TASK BRIEF »
Without any omission, reproduce the records that follow.

RECORDS »
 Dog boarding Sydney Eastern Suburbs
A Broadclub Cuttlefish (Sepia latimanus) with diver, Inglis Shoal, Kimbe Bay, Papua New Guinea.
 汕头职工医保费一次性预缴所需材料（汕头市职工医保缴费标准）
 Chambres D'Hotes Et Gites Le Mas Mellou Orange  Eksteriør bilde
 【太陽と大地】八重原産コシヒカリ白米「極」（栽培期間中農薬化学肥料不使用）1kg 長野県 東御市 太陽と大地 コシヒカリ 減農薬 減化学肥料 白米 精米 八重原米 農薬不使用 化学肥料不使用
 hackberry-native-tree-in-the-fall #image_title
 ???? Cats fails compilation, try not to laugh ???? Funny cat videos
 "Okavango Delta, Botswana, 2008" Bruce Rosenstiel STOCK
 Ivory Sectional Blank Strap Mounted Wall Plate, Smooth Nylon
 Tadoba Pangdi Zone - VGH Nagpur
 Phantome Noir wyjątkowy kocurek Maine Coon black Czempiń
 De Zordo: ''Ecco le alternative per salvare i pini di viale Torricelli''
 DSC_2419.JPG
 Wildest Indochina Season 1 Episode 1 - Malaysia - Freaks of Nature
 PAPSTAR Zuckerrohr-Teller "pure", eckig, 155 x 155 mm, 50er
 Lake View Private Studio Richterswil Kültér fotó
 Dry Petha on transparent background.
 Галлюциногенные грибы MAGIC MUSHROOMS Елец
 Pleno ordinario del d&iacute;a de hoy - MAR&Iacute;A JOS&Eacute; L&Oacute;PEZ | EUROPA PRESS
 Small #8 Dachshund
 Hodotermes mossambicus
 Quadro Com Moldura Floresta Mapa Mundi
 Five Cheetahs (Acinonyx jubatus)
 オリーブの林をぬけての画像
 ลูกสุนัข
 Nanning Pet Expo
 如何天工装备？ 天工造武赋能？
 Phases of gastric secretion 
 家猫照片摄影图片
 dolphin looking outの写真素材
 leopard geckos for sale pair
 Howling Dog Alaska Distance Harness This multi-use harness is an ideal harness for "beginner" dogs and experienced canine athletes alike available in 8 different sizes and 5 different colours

SOLUTION TO THIS PROBLEM »
 Dog boarding Sydney Eastern Suburbs
A Broadclub Cuttlefish (Sepia latimanus) with diver, Inglis Shoal, Kimbe Bay, Papua New Guinea.
 汕头职工医保费一次性预缴所需材料（汕头市职工医保缴费标准）
 Chambres D'Hotes Et Gites Le Mas Mellou Orange  Eksteriør bilde
 【太陽と大地】八重原産コシヒカリ白米「極」（栽培期間中農薬化学肥料不使用）1kg 長野県 東御市 太陽と大地 コシヒカリ 減農薬 減化学肥料 白米 精米 八重原米 農薬不使用 化学肥料不使用
 hackberry-native-tree-in-the-fall #image_title
 ???? Cats fails compilation, try not to laugh ???? Funny cat videos
 "Okavango Delta, Botswana, 2008" Bruce Rosenstiel STOCK
 Ivory Sectional Blank Strap Mounted Wall Plate, Smooth Nylon
 Tadoba Pangdi Zone - VGH Nagpur
 Phantome Noir wyjątkowy kocurek Maine Coon black Czempiń
 De Zordo: ''Ecco le alternative per salvare i pini di viale Torricelli''
 DSC_2419.JPG
 Wildest Indochina Season 1 Episode 1 - Malaysia - Freaks of Nature
 PAPSTAR Zuckerrohr-Teller "pure", eckig, 155 x 155 mm, 50er
 Lake View Private Studio Richterswil Kültér fotó
 Dry Petha on transparent background.
 Галлюциногенные грибы MAGIC MUSHROOMS Елец
 Pleno ordinario del d&iacute;a de hoy - MAR&Iacute;A JOS&Eacute; L&Oacute;PEZ | EUROPA PRESS
 Small #8 Dachshund
 Hodotermes mossambicus
 Quadro Com Moldura Floresta Mapa Mundi
 Five Cheetahs (Acinonyx jubatus)
 オリーブの林をぬけての画像
 ลูกสุนัข
 Nanning Pet Expo
 如何天工装备？ 天工造武赋能？
 Phases of gastric secretion 
 家猫照片摄影图片
 dolphin looking outの写真素材
 leopard geckos for sale pair
 Howling Dog Alaska Distance Harness This multi-use harness is an ideal harness for "beginner" dogs and experienced canine athletes alike available in 8 different sizes and 5 different colours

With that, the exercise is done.